THE PROBLEM: Please copy out the entries below exactly, beginning with the line that contains "Welcome back to the Algebra" and ending with the line that contains "Good day everyone.", and include nothing outside that span.

─── RECORDS SHOWN

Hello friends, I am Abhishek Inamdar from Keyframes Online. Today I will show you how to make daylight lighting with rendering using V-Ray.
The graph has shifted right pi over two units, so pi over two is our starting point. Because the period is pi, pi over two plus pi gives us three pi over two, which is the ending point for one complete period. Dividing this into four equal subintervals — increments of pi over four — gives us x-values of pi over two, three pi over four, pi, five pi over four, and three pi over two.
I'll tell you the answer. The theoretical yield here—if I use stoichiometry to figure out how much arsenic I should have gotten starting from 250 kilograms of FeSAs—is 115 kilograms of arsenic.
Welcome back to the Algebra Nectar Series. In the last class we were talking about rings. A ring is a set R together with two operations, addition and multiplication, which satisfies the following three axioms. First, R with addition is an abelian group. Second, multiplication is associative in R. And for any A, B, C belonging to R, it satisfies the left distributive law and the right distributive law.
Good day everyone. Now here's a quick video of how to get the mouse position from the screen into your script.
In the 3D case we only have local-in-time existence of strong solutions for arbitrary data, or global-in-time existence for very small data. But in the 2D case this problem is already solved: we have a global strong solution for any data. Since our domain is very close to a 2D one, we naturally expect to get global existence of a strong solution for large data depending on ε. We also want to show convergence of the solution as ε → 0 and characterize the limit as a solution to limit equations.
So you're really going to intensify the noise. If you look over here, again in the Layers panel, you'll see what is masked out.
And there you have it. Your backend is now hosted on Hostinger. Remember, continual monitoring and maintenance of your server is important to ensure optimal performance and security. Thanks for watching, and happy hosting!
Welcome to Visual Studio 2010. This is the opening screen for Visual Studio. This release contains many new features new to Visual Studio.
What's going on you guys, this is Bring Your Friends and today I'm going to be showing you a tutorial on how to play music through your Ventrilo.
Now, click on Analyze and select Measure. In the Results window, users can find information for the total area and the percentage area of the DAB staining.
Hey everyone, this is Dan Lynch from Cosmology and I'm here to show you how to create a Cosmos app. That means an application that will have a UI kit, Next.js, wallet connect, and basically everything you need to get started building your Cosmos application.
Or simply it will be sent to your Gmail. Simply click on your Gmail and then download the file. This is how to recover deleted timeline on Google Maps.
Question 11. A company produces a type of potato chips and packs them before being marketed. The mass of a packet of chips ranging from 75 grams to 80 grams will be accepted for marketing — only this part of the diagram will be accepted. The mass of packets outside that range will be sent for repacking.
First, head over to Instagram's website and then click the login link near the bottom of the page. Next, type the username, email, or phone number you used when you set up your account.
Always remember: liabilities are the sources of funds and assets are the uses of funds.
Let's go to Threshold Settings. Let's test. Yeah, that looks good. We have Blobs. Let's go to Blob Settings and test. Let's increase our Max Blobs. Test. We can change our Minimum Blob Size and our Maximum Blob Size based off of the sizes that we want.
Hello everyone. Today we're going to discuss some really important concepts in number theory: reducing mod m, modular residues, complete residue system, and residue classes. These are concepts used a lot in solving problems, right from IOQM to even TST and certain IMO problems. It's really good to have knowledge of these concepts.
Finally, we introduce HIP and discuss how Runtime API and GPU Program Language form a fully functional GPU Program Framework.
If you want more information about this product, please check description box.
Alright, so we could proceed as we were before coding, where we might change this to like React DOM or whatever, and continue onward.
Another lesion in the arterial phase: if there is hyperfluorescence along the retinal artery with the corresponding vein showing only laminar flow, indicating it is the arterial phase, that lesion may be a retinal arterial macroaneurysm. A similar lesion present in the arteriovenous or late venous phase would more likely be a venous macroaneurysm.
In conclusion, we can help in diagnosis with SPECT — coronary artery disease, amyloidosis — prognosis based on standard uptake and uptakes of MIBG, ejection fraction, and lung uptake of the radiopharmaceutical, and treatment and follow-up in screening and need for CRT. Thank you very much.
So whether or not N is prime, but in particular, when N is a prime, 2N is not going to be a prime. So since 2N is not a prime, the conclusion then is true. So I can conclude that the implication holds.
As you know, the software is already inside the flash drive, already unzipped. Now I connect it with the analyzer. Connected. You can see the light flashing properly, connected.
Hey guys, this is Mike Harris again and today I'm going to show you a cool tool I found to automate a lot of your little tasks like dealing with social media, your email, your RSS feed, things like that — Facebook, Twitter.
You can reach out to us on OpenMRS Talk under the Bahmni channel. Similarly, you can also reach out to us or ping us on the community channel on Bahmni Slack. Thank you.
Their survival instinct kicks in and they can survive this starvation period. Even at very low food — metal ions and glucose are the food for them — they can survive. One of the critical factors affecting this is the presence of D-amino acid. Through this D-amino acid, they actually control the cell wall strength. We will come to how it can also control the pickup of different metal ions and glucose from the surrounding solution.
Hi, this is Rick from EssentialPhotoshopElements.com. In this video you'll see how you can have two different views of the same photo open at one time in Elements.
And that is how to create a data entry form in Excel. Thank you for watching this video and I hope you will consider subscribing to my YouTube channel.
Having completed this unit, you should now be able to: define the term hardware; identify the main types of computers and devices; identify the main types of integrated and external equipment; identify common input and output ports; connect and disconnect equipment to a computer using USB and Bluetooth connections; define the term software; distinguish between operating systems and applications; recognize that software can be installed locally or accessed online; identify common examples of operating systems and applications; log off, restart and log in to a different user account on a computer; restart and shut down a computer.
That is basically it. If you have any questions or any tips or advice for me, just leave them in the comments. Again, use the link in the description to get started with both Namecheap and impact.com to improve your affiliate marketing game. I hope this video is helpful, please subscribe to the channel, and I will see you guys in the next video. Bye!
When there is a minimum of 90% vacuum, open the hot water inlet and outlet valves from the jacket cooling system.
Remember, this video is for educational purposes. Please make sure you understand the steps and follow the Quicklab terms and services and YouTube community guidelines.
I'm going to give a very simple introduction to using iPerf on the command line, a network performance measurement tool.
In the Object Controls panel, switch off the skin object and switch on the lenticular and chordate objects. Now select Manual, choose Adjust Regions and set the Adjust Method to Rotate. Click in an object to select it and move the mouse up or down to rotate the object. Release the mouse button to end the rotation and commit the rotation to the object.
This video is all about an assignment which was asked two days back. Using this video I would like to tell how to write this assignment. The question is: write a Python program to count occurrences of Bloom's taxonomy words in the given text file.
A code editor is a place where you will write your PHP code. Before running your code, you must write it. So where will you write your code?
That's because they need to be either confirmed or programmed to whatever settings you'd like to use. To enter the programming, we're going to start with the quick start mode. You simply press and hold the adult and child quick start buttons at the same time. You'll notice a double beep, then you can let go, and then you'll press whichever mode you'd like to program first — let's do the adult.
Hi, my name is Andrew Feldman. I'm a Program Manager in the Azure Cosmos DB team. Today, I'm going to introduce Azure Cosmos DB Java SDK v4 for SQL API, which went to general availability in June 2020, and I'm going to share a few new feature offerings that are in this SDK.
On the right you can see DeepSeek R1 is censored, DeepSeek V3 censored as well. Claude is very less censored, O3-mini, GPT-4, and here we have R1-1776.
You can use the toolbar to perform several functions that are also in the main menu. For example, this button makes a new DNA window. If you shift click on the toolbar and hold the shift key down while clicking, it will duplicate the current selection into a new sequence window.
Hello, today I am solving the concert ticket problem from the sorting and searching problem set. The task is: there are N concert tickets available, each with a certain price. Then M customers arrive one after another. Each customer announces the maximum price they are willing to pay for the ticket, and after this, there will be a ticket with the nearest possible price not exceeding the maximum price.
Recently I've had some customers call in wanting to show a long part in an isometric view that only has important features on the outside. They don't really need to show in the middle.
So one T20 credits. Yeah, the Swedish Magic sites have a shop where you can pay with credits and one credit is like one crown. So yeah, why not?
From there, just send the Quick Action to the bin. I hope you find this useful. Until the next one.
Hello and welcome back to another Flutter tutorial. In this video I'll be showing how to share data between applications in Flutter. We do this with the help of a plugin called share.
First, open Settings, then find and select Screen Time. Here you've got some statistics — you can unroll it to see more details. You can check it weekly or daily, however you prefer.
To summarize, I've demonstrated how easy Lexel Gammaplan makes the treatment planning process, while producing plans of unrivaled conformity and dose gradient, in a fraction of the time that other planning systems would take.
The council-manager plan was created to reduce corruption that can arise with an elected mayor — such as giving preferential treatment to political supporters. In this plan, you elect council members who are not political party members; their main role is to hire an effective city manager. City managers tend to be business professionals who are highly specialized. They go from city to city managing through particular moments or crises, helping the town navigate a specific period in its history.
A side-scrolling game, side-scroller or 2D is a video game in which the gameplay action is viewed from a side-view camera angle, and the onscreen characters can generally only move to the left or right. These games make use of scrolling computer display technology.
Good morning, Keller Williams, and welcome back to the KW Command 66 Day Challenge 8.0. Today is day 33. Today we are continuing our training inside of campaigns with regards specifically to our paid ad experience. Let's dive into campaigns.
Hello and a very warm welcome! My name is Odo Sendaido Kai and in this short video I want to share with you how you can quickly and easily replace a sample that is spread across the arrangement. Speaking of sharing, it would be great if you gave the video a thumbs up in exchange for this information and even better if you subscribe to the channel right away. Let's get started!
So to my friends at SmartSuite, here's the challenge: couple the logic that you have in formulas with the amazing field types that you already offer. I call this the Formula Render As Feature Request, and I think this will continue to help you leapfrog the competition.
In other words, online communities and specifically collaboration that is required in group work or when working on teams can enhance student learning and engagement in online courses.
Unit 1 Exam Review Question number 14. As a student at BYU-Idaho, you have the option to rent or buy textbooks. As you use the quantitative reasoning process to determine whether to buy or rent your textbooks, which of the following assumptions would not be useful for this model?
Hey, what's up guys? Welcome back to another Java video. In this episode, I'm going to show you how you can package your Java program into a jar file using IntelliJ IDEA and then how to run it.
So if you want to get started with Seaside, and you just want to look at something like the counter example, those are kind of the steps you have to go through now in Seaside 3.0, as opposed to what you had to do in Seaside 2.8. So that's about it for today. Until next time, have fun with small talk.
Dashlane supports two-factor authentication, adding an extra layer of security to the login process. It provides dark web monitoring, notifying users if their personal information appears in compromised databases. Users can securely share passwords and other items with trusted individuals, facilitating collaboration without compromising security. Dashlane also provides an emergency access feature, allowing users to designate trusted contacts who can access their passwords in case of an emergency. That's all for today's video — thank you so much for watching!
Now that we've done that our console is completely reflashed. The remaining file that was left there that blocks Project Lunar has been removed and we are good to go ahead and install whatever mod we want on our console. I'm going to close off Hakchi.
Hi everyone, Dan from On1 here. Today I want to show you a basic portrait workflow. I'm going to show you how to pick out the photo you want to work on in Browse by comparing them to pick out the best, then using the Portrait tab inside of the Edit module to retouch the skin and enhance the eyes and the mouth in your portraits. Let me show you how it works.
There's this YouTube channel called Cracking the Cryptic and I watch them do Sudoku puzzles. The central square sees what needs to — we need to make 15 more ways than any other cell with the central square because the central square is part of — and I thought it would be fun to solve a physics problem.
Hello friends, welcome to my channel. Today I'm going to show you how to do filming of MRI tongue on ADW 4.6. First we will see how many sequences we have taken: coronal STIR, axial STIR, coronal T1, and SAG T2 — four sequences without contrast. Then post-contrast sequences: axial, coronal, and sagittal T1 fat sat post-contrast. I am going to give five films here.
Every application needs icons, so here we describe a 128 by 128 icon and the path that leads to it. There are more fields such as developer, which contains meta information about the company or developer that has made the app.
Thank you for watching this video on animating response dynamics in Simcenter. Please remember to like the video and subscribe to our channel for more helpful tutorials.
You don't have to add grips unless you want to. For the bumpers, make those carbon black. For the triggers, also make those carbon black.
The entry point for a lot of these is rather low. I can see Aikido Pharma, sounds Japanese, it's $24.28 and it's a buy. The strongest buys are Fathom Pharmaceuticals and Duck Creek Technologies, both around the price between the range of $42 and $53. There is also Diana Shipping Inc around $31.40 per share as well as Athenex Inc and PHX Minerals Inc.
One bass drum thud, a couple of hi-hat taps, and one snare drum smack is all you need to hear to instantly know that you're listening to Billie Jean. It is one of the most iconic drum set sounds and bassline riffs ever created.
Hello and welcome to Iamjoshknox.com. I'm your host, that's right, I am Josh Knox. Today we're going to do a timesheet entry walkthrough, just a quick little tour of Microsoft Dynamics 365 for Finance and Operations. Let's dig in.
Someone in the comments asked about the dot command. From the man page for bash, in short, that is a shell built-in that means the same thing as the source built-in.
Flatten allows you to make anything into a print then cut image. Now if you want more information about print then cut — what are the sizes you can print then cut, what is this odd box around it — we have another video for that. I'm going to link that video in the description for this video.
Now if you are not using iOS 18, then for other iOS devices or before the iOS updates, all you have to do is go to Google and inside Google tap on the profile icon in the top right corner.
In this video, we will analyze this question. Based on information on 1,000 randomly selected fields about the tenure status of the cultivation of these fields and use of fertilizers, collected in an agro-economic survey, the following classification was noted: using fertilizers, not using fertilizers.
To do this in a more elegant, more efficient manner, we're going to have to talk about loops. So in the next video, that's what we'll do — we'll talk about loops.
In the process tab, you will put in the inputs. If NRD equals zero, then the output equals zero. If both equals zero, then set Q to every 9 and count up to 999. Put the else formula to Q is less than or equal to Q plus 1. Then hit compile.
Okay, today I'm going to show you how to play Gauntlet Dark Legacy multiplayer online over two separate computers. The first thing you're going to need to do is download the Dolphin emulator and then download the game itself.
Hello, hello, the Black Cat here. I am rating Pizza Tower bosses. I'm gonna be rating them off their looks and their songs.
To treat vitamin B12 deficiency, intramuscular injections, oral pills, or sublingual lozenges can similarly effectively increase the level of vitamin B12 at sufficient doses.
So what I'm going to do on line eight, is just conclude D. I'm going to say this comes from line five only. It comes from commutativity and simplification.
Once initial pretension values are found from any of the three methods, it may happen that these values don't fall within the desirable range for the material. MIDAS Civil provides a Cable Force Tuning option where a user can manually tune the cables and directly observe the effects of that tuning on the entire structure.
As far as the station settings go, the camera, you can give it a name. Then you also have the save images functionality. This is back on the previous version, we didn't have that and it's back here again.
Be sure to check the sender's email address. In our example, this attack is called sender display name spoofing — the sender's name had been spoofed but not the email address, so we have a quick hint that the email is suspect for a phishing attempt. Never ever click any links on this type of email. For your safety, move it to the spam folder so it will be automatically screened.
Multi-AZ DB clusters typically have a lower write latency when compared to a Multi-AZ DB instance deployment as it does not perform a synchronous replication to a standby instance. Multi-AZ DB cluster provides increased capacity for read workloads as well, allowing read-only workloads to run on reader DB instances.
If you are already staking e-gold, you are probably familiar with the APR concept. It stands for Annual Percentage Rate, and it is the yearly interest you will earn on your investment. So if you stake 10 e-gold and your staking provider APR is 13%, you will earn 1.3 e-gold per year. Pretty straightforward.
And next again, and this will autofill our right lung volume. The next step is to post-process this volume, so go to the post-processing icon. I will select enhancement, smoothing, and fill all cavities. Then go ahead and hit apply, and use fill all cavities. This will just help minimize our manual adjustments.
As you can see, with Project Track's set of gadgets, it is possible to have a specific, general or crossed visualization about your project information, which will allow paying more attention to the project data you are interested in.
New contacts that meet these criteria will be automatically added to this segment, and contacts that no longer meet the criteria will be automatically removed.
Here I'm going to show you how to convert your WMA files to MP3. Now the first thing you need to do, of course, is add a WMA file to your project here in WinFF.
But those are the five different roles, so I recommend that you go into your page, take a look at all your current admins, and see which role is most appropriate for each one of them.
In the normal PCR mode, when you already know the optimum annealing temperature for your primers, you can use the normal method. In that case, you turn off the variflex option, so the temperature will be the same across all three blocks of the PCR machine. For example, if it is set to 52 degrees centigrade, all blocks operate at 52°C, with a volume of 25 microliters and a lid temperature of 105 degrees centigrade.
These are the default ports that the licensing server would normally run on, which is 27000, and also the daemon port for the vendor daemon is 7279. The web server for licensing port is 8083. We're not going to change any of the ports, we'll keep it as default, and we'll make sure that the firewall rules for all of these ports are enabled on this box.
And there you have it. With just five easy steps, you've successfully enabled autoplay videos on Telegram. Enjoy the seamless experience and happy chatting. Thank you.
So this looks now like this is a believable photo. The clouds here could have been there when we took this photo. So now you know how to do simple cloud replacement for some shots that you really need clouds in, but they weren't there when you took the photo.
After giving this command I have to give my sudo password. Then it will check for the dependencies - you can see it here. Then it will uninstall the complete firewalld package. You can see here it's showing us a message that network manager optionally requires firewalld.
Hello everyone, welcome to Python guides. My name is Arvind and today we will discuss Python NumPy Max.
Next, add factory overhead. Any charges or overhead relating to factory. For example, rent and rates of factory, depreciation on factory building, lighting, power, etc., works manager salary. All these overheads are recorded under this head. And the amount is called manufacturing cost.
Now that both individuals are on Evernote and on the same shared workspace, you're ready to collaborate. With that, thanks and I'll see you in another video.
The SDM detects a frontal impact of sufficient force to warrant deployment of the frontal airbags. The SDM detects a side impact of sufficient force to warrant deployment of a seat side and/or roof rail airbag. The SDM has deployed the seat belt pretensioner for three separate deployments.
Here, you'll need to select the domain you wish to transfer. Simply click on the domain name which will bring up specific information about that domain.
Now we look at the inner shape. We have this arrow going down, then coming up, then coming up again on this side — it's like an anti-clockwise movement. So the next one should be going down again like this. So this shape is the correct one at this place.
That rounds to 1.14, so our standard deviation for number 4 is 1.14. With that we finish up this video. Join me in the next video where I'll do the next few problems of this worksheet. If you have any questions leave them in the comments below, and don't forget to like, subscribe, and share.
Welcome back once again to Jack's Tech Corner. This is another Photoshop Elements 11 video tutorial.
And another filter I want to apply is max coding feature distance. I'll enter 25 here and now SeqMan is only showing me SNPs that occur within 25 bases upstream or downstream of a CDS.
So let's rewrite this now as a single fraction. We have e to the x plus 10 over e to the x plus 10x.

──────

TASK RESULT:
Welcome back to the Algebra Nectar Series. In the last class we were talking about rings. A ring is a set R together with two operations, addition and multiplication, which satisfies the following three axioms. First, R with addition is an abelian group. Second, multiplication is associative in R. And for any A, B, C belonging to R, it satisfies the left distributive law and the right distributive law.
Good day everyone. Now here's a quick video of how to get the mouse position from the screen into your script.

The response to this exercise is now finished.